[Short descriptive text snippets]
____________

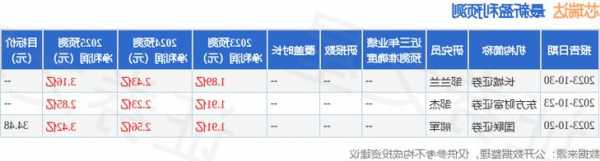 【调研快报】芯瑞达接待天朗资产等多家机构调研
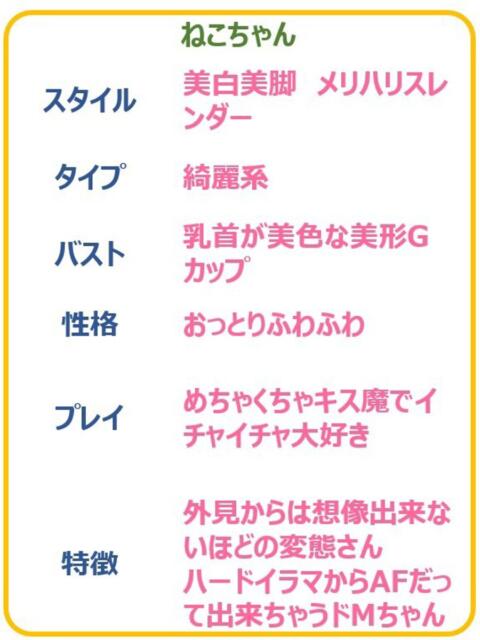 ねこ☆喉まで欲しいイラマ好き娘 PREMIUM～プレミアム～（デリヘル）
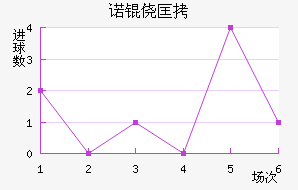 ŵ�Ŀ���������������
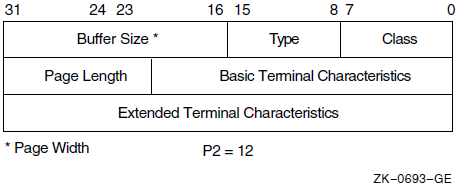Format of the Terminal Characteristics Block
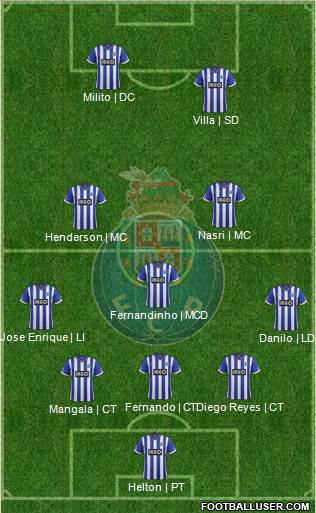 Futebol Clube do Porto - SAD Formation 2014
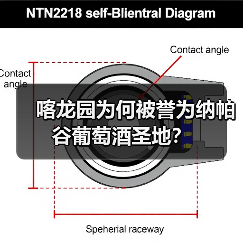 喀龙园为何被誉为纳帕谷葡萄酒圣地?(图2) 喀龙园为何被誉为纳帕谷葡萄酒圣地?(图2)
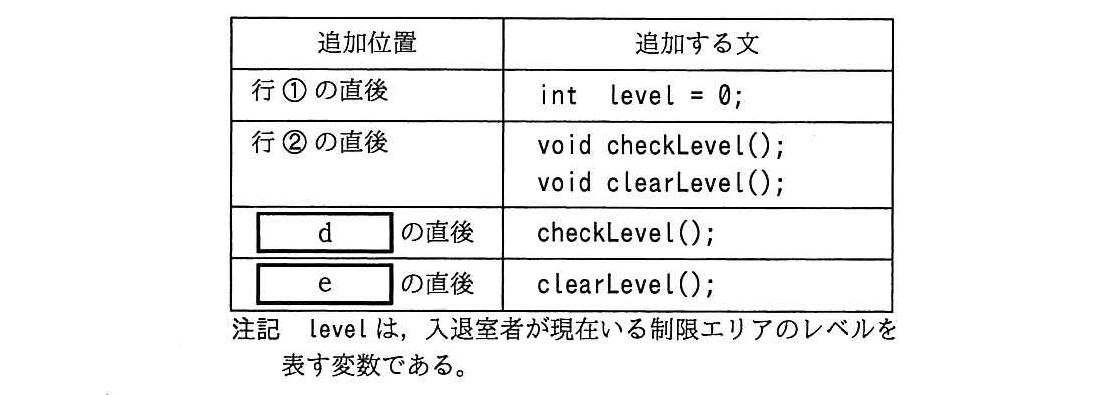 基本情報技術者試験（平成27年 午後 問9 プログラムに追加する文）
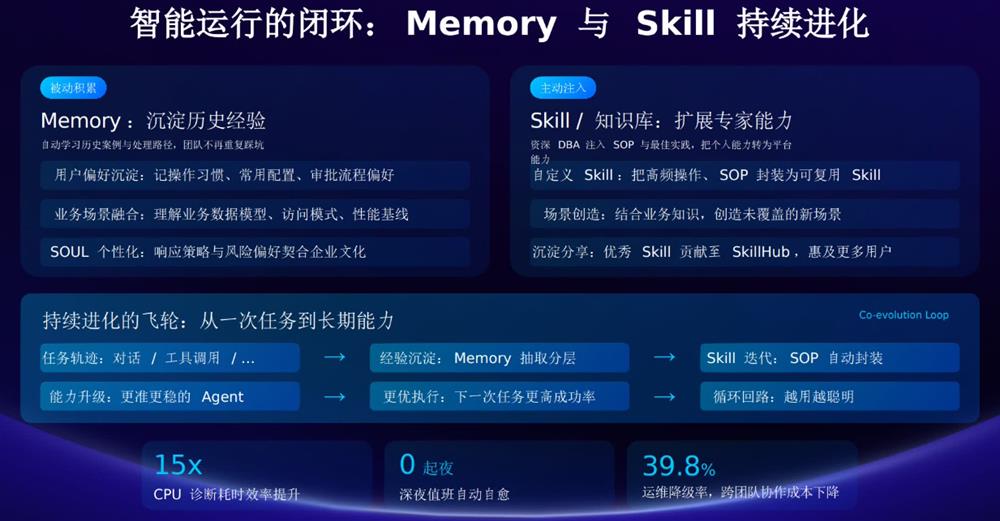 Agent Infra之战打响!腾讯云重做腾讯云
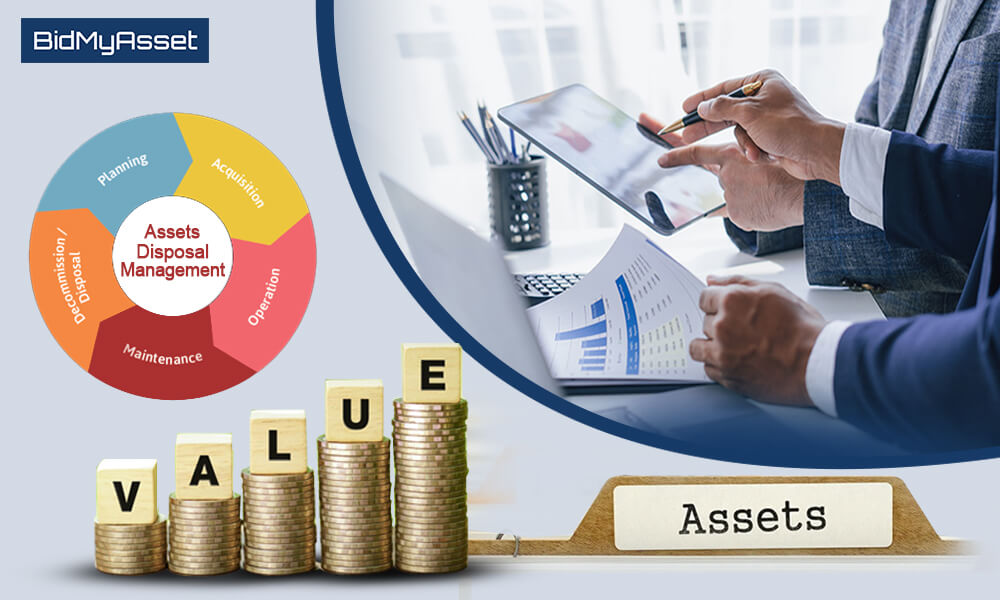 Asset appraisal: Personal and Business Financial Planning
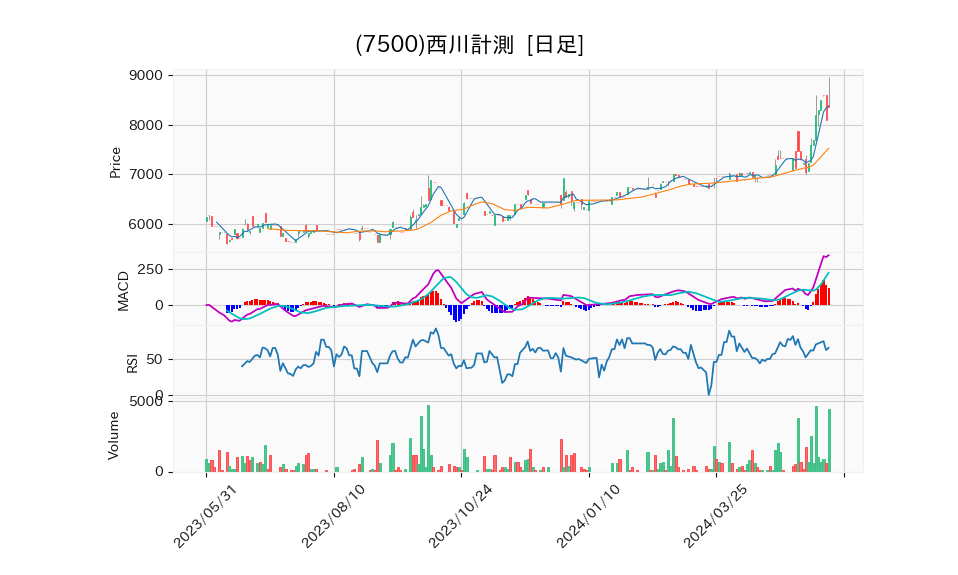 7500_day_1year_chart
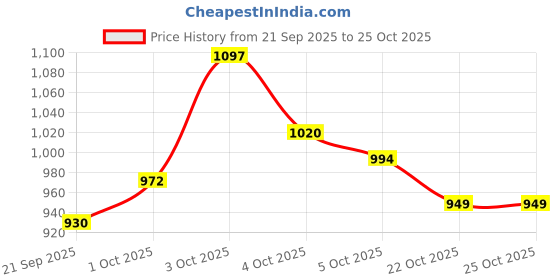 flipkart.com whipone Mahindra XUV 3XO Body Cover whipone Price History Graph from 21 Sep 2025 to 24 Oct 2025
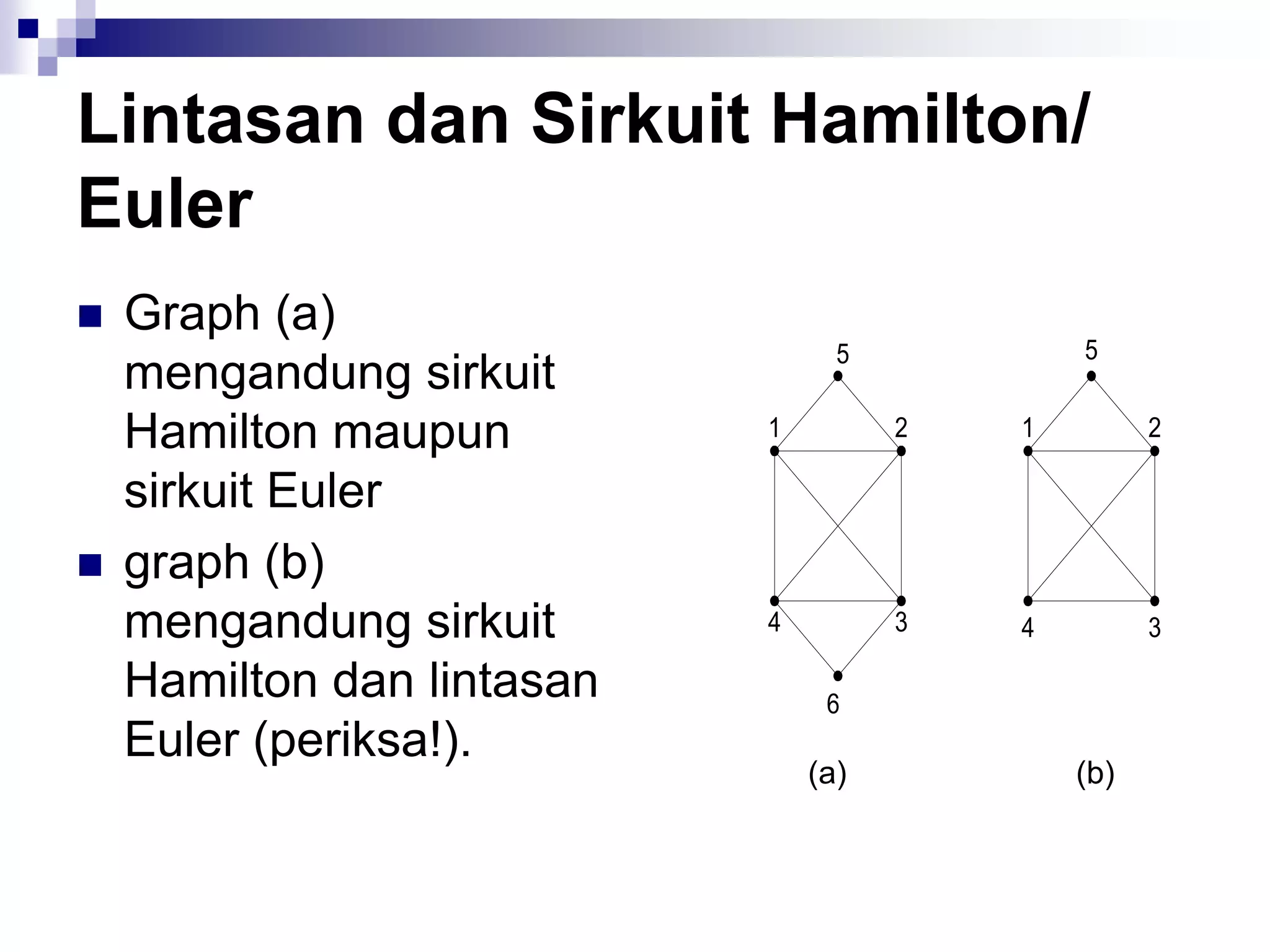 Lintasan dan Sirkuit Hamilton/
Euler
   Graph (a)
                                  5           5
    mengandung sirkuit
    Hamilton maupun         1         2   1         2

    sirkuit Euler
   graph (b)
    mengandung sirkuit      4         3   4         3

    Hamilton dan lintasan        6
    Euler (periksa!).
                                (a)           (b)
 
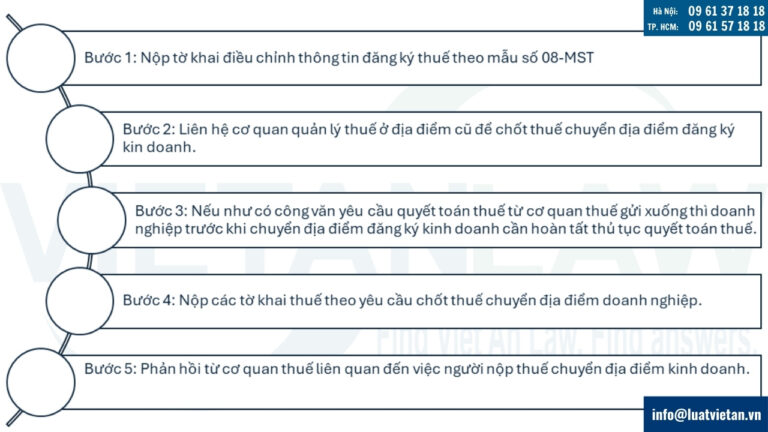 Quy trình làm thủ tục chốt thuế chuyển địa điểm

____________

Work to complete: Please write out all of the data verbatim, with no pictures in the copy.

Your response:
 【调研快报】芯瑞达接待天朗资产等多家机构调研
 ねこ☆喉まで欲しいイラマ好き娘 PREMIUM～プレミアム～（デリヘル）
 ŵ�Ŀ���������������
Format of the Terminal Characteristics Block
 Futebol Clube do Porto - SAD Formation 2014
 喀龙园为何被誉为纳帕谷葡萄酒圣地?(图2) 喀龙园为何被誉为纳帕谷葡萄酒圣地?(图2)
 基本情報技術者試験（平成27年 午後 問9 プログラムに追加する文）
 Agent Infra之战打响!腾讯云重做腾讯云
 Asset appraisal: Personal and Business Financial Planning
 7500_day_1year_chart
 flipkart.com whipone Mahindra XUV 3XO Body Cover whipone Price History Graph from 21 Sep 2025 to 24 Oct 2025
 Lintasan dan Sirkuit Hamilton/
Euler
   Graph (a)
                                  5           5
    mengandung sirkuit
    Hamilton maupun         1         2   1         2

    sirkuit Euler
   graph (b)
    mengandung sirkuit      4         3   4         3

    Hamilton dan lintasan        6
    Euler (periksa!).
                                (a)           (b)
 
 Quy trình làm thủ tục chốt thuế chuyển địa điểm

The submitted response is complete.